Subways: Violent Underground Beasts
They’re subterranean beasts of burden that carry us from one hole we’ve dug to another. To ride one is what it must have felt like for Paul Atreides to ride the sandworm, although few on the J train might think of it like that. Ok, it’s not really like riding a sandworm. But if we were on Dune, would the ground rumble and shake like a subway platform every time a sandworm passed beneath?
Did they fear waking up some subterranean terror when they dug the underground tunnels in London? If you google it, you’ll find underground rail systems are fertile ground for the supernatural. Websites dedicated to listing the ghosts, weird creatures, spooks of all sorts are a dime a dozen. My favorite, though, is what I’ve read about “Quartermass and the Pit,” which involves the BBC’s first sci-fi and it’s take on an ancient Martian mind control machine uncovered during the war in a disused underground station. I have yet to see it, and if anyone wants to watch it, let me know.
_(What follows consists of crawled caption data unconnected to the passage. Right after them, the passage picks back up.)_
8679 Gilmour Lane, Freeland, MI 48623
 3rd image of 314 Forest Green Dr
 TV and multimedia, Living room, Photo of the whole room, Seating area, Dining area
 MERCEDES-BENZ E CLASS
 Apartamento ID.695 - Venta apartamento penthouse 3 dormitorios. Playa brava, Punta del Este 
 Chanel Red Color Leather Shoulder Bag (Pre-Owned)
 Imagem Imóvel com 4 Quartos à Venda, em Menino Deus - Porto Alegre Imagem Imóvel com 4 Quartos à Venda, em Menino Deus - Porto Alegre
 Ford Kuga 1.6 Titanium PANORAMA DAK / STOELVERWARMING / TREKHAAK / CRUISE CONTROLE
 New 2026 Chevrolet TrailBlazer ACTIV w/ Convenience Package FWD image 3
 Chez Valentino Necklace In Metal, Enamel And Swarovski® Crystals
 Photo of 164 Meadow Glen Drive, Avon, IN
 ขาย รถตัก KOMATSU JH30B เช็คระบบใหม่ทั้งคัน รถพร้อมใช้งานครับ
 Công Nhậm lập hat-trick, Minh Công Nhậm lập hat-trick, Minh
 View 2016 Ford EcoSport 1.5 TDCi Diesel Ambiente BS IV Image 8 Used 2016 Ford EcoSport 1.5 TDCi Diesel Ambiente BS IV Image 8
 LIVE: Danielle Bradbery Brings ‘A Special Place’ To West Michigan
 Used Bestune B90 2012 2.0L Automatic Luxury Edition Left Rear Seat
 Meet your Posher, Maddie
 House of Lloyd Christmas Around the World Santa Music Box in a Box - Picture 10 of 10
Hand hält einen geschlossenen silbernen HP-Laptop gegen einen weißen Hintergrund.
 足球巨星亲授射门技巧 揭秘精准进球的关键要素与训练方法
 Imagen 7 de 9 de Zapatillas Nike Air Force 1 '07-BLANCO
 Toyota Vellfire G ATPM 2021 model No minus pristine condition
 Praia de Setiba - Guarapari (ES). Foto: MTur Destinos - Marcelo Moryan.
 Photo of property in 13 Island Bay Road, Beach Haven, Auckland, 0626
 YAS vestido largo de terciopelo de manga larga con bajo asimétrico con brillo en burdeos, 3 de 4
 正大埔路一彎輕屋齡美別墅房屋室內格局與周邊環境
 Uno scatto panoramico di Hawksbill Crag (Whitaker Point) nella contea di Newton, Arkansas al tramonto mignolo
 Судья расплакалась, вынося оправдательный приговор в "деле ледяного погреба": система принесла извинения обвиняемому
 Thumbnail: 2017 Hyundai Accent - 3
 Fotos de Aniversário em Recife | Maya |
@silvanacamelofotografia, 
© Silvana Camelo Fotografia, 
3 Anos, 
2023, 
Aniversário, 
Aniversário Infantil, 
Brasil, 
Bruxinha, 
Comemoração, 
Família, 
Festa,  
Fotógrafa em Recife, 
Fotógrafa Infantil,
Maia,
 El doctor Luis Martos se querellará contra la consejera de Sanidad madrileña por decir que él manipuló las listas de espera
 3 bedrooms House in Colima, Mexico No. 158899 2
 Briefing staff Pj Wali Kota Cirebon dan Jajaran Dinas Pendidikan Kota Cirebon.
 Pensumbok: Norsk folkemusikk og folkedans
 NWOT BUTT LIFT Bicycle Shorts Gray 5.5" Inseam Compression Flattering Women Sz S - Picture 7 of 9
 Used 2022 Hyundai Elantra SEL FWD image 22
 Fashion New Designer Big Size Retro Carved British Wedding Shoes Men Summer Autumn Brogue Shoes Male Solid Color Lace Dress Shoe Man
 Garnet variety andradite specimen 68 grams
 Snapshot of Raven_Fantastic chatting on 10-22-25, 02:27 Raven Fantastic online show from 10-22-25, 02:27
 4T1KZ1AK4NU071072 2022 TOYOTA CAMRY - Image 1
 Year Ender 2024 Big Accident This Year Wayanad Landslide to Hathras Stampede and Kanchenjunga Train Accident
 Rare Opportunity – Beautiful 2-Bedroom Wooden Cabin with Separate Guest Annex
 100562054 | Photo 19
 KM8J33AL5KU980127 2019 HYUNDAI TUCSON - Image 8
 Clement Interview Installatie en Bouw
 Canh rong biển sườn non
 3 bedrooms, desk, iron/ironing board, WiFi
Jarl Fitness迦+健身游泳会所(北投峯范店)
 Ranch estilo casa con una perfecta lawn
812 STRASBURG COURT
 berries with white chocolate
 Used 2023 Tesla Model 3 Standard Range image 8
But the beasts that brought us here, the subway train, has also tamed the underground for us. For most of human history, below the dirt has been the dominion of devils, the place no one wants to end up: Hell. Now it’s a convenient way to avoid traffic topside. And thanks to the stylized maps that go along with it, it’s an idealized parallel world. Major cities line up their bones on straight lines, points of interest connected by colored tangents and labeled with type chosen for clarity.
I was introduced to the hearts of London, Paris and New York this way. Local leviathans that tour you around and stop running around midnight. Not a bad way to go, all the violent shaking aside.